Aleksey Eremenko on 18 May 2023 19:21:27
The Power BI portal shows objects (datasets, reports, workspaces, etc) with an associated "type" icon. The icon is a wireframe. Why is the icon a wireframe? They are impossible to tell apart with a glance. What is the use of having ultrawide screens that display thousands of colors when the applications on those screens are essentially monochrome black-and-white? I know the push is to return to a "clients-working-on-a-single-mainframe" model of computing and to go away from personal devices as a whole, but can we at least keep the design principles that keep us from regressing away from rich-color graphical user interfaces and returning to command line monochrome user interfaces?
Either remove the wireframe icons, as they are indistinguishable from each other and are useless and annoying, or add colors or some other kind of distinguishing characteristics to the iconography of the portal.
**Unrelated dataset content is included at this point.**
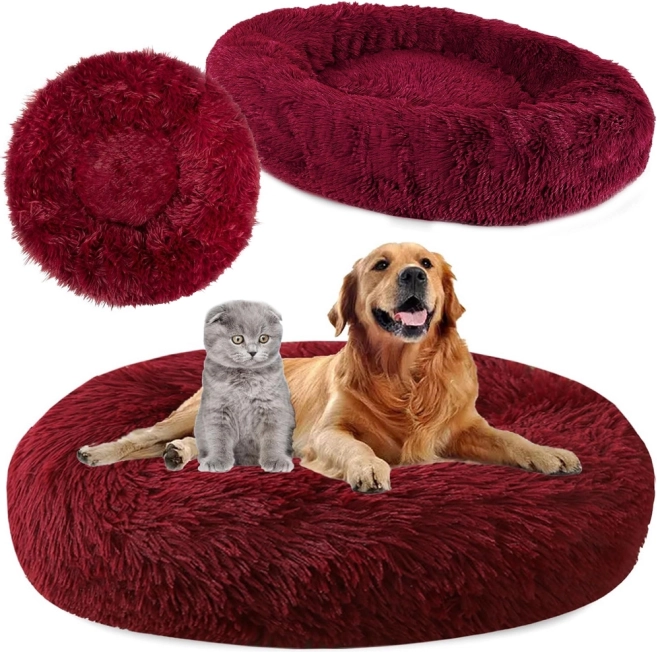 Panier douillet pour chats coussin moelleux pour canapé 80 cm – bordó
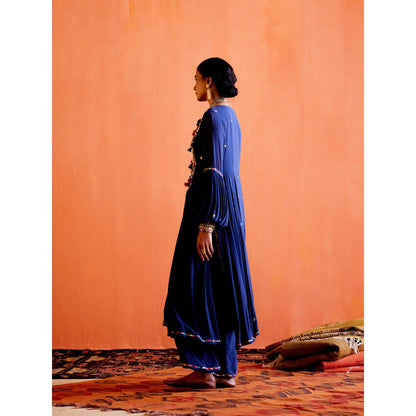 Karishma Khanduja Arshad Blue Embellished Tassels Kurta with Pant (Set of 2)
Silhouettes are a fundamental aspect of design, so why does the design team who made these icons appear completely ignorant of this very basic design principle?
If I want to look at some monochrome wireframe symbols that convey the exact same information in a better way and that I can actually tell apart at a glance, there is the "Type" column that conveys the same information as the icon-style "Type" column except it uses Latin characters that I can read instead of mystifying iconography that is indistinguishable and meaningless without a mouseover.